Just as he’d predicted.

He carried through with the motion, pushing himself downward and hitting the ground with his palm as he spun around, his legs swerving around like a breakdancer to kick her back. Between his sudden movement, his Burst, and the effects of Tachypsychia, there was simply no time or space to dodge.

Yet somehow, Inanna still managed to escape within that interval, grabbing his right leg with her hands and twisting it, sending jolts of acute pain shooting up his spine. Lukas felt himself lose his coordination and fell onto his hands, fracturing his thumb in the process.

Inanna smirked haughtily.

Lukas smirked back.

And slammed his other leg, foot-forward, right into her left knee.

Inanna had once taught him that an average person was actually three times stronger than what they believed. And yet, most people never used the strength except under dire circumstances where their mind entered a tunnel-vision. It was this inhibition that kept the average human being from destroying themselves while fighting.

Luckily for him, fighting without inhibitions was precisely what Neural Suppression was all about.
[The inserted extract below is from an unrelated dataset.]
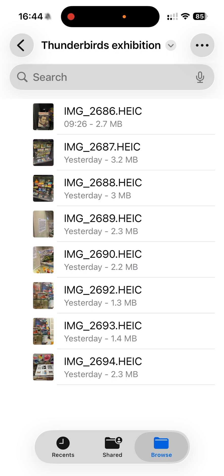I recently upgraded to iOS 26 and iPadOS 26 and I'm here in Files. I want to show you something with photos and also with raw files — raw photos taken with my mirrorless camera, and this can also happen when shooting raw on more recent iPhone models.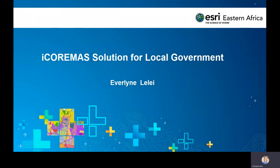Good afternoon everyone, welcome to today's webinar. My name is Evelyn Lele and today we'll be looking at the iCommerce solution for local government. In case you have any questions or comments in the course of this presentation, our team is on standby and will be able to respond via the chat section.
The concept behind Pammachon was maintaining a constant flux of lifeforce to create singular points of kinetic force, liberating each one with pinpoint precision when necessary. Inanna had used an analogy of wielding a knife to shatter a wall by probing at all the weakest link, employing the maximum kinetic force to break the whole structure down.

When one added lifeforce and adrenaline to the mix, the art was amped up to also generate explosive strength.

That was essentially what had just happened.

Her knee popped like a balloon from the force of his strike, dislocating the ball from its socket as Inanna let out something that, if he didn’t know any better, sounded like a muffled whimper.

And then she looked at him.

Wounded lions wished they looked half as savage as she did right there. It was no surprise, really, that Lukas found himself wishing he were dead at that very moment.

Before he knew it, she traversed the distance between them and slammed her fist into his stomach.

“Gah!”

Lukas practically folded in half. Air rushed out of his lungs first, followed by saliva and stomach acid and what felt like half of his internal organs.

It hurt. Damn, it hurt. Several of his ribs snapped despite his lifeforce-enhanced reinforcement. In the back of his mind, he genuinely wondered whether he’d actually been split in half, as the pain seemed to cut straight through him, from front to back.

By the time his pain-addled brain had registered what was happening, he was spinning. Or, not spinning, per se. He was being moved around.

Like a log.

Round and round.

Even before the nausea and vertigo had a chance to settle into his system, he was skidding across the floor like a broken rag doll.

“Kah! Fuck!”

Everything hurt. His chest was on fire. His limbs felt like lead. His pain receptors were clearly being soaked in magma. His head throbbed like it was just about to explode. Every time his heart palpitated, it seemed as if it was pumping agony throughout his system rather than blood. Every time he drew breath, something inside of him tore and screeched in agony.

Yet, despite all that, a maniacal grin burst from his lips.

“Did… Did I win?”

The last thing he remembered was a strange look on his mentor’s face as his world turned to black.